Most blogs and articles tell you how to avoid worrying about this and that.
This blog is different.
With the shortest tenure of any of the C-suite positions, Chief Marketing Officers (CMO) instinctively worry and the list of concerning issues is vast. Rapid changes in customers, technology, data privacy and more make it a very challenging time to be in marketing.
However, here are 5 good ideas for CMOs to really focus on:
1. Customer Research. Everywhere you turn, the focus is on the customer experience. However, you can’t improve the customer experience until you have deep insight into your customer. Unfortunately, one of the first line-items to get cut in any budgeting exercise is market and customer research. After all, why fund this when you can go to 3 more events and collect some business cards and give our stress balls. CMOs must make sure they have ample budget and resources to conduct the right customer research to fully understand the customer’s buying preferences, habits and processes.
2. Data Quality. Every day, you’re making decisions based upon the data in your marketing systems/applications. However, how “fresh” is that data?
Do you have an automated way to update the data to keep track of people who change titles or switch jobs? Do you have an enrichment strategy to reliably add phone numbers and email addresses to event attendee lists? How to you ensure that data that is entered by sales or other customer-facing teams is entered properly and consistently? Without solid strategies to address these issues, even a pristine CRM or Marketing Automation implementation can turn to garbage in an amazingly short timeframe. If this requires the CMO to become “buddy-buddy” with the IT team and CIO, so be it. Which brings me to my next point…
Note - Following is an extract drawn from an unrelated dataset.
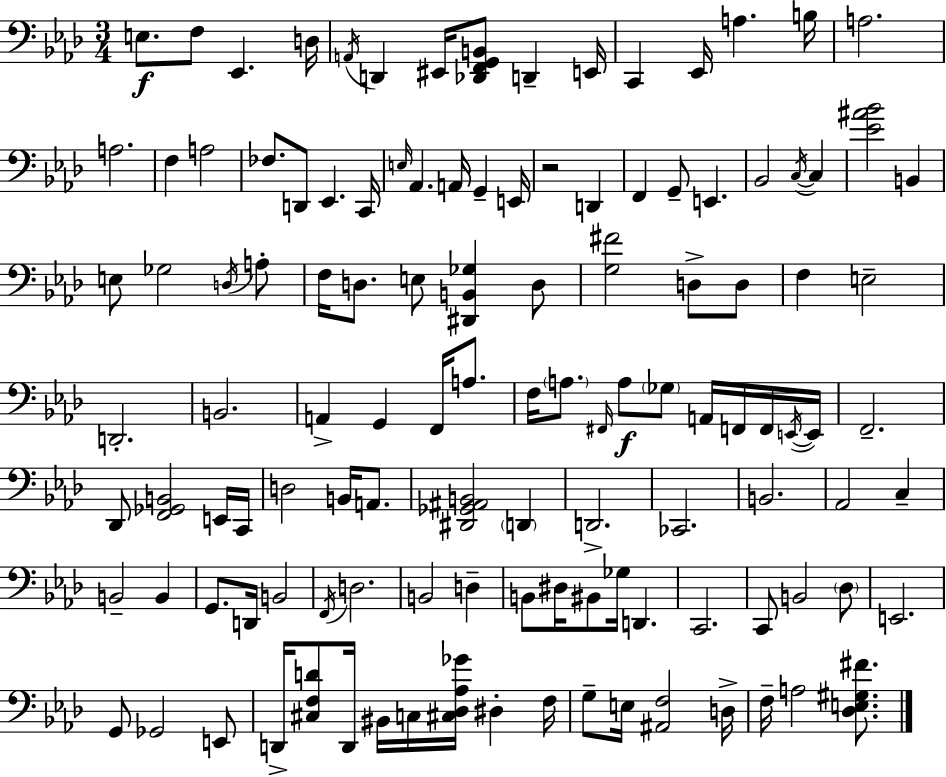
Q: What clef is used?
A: bass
3. C-Suite Alignment. Not only does Marketing need a proverbial “seat at the table”, CMOs need to be tightly aligned with other execs. The two most frequently mentioned are the CEO and the CRO or head of sales. However, having a close tie with the CFO is critical; CMOs need to provide CFOs with transparency into their marketing spend and ROI in a proactive manner. Additionally, CMOs need to have a tight relationship with CIOs and CTOs since more and more of the CMOs work involves MarTech and AdTech systems, data, integrations and leveraging AI/machine learning for deeper insight.
4. Go-to-Market Consistency. Is marketing spending and allocating resources in a manner that is 100% aligned with Sales and the GTM strategy? Is the split between large, medium and small accounts aligned? Is the spend across geographies aligned with where the company is expecting to see revenue and growth? Is the marketing investment across routes-to-market aligned with the sales and partner strategy? As the year progresses, it is easy for this to become misaligned and needs to be something continually reviewed.
5. Innovation. Sometimes it is easy to get so wrapped up in trying to “make the number” and meet all of the different demands that you’re simply not innovating. It isn’t that you don’t want to innovate; it’s just that innovation takes an investment of time and sometimes money too. Marketing is evolving so quickly that if you’re daily, weekly and quarterly plans don’t clearly involve some type of innovation, you’re falling behind. CMOs should make sure their plans clearly highlight areas of innovation and the results these new approaches and technologies are generating.
It’s never popular to add “To-Do’s” to someone with an already-heavy workload. However, these five areas are critical to both the short- and long-term success of every CMO.